From Rappers to Tech Companies: Who's Getting into Education Funding in Chicago?

Just when you’ve had it up to here with all the negative news in Chicago these days, a random and uplifting story comes from an unexpected place.

Chancelor Johnathan Bennett, better known as Chance the Rapper, has become famous for chart-busting hits like “No Problem” and “Chain Smoker.” But now, he’s generating buzz around the streets of Chicago as a philanthropist and education activist, too. The rapper, singer, songwriter, and record producer hails from the West Chatham neighborhood of Chicago, and he recently announced a $1 million donation to Chicago Public Schools. Also, he plans to donate $10,000 to area schools for every $100,000 that is donated through his nonprofit, SocialWorks.

"This check is a call to action,” he said. “I'm challenging major companies and corporations to donate and take action."

Specifically, this is a call-out to both local and national foundations to support the grossly underfunded school district in Chicago until legislators figure out a solution. There has been talk about closing schools early because of the district’s pension gap, potentially setting CPS students even further back academically. Chance the Rapper has already written checks to Westcott Elementary School and the Auburn Gresham Elementary School.

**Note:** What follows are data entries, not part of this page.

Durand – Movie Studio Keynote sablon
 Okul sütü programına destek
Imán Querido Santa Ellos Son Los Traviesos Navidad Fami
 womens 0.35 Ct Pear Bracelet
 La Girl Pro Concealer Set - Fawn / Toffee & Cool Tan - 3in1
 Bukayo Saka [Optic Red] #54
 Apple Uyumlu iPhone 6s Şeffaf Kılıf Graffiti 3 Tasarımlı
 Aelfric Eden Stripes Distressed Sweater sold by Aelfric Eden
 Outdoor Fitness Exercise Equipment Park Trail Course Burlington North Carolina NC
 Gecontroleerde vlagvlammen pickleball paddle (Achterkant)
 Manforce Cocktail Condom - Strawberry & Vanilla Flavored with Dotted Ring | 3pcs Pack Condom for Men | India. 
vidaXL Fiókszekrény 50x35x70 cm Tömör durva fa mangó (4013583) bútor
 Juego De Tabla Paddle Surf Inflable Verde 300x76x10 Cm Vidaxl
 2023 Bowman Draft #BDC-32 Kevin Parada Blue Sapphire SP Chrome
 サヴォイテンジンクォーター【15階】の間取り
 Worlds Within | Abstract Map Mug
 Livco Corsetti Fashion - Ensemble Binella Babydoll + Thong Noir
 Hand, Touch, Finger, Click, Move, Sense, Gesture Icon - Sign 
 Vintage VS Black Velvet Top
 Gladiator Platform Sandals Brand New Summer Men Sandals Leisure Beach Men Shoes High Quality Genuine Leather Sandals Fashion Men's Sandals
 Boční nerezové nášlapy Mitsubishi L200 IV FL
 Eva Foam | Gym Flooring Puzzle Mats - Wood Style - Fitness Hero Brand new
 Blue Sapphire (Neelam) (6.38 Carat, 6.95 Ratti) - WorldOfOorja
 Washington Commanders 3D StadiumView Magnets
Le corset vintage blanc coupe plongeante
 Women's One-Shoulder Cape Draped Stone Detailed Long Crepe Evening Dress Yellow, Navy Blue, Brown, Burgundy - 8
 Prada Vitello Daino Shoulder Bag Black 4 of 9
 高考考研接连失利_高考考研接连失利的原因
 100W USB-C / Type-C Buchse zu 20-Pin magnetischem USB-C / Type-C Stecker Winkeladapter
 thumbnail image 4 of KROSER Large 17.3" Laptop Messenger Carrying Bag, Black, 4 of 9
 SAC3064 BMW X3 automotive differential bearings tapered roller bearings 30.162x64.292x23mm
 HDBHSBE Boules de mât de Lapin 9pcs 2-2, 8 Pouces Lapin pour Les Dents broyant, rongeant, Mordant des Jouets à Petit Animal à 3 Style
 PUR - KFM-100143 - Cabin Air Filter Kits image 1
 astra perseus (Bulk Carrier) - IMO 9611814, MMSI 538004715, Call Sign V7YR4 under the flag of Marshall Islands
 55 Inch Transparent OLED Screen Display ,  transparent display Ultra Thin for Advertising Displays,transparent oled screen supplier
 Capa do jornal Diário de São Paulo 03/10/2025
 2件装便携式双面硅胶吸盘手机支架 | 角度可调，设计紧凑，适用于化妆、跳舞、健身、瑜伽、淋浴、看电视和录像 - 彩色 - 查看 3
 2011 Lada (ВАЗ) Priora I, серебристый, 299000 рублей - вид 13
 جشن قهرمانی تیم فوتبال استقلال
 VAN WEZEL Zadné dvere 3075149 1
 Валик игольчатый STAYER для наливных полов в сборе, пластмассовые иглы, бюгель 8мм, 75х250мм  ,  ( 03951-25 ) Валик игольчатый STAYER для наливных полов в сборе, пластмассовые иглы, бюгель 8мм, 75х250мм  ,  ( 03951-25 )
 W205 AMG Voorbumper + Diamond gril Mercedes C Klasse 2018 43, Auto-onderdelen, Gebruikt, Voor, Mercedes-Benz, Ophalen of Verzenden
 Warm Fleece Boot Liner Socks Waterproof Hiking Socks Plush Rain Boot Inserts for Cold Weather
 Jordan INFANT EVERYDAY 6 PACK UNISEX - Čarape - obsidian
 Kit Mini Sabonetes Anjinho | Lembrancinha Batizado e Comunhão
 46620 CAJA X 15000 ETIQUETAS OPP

He has been highly critical of Governor Rauner’s education efforts; however, a mayoral spokesman has criticized the rapper’s proposed solutions as being "no solution at all." Meanwhile, this $1 million donation has caused some observers to point out that such celebrity philanthropy is merely a drop in the bucket, ultimately “exacerbating the divide between the poor and elite.”

However, Chance the Rapper isn’t the only one paying attention to the state of education in Chicago right now. Over the last couple years, we’ve followed tech companies in Chicago and the shift of their corporate philanthropic strategies toward education. Tech education officially became a graduation requirement for Chicago Public School students back in 2013, when Mayor Rahm Emanuel announced a five-year plan to make it happen. This has big implications for tech companies based here. 


We recently reconnected with Dan Waidelich of kCura, one of the tech companies we've highlighted in the past. To date, kCura has donated or pledged over $1.8 million to schools and education-oriented nonprofits in Chicago. The company has been investing in CPS since 2011, primarily with its Wired to Learn grants ($250,000 over three years, milestone contingent). The big focus here is technology access and education, and the company’s performance data shows measurable success in the schools it has helped.

The biggest events on this company’s philanthropic calendar revolve around education, as well. Premiering last year, Chicago Tech Rocks brought together local bands to benefit education access organizations in the city and raised $125,000. Another big player in Chicago tech, T4Youth, hosts an annual ping pong tournament to benefit Chicago Tech Academy, which is a nonprofit, four-year contract school that educates disadvantaged students in STEM topics in high school, college and beyond. The growing tournament has been held for three years, now, and topped $100,000 in fundraising in 2016.

The larger point in these examples is that education is on the forefront of the conversation in Chicago these days, including those with resources to spare. Whether you’re a rapper on the stage or a techie behind a screen, the city’s education system is something that affects us all. Celebrities often look to boost their old ‘hoods once they’ve made it big, and local companies have a big stake in an educated workforce.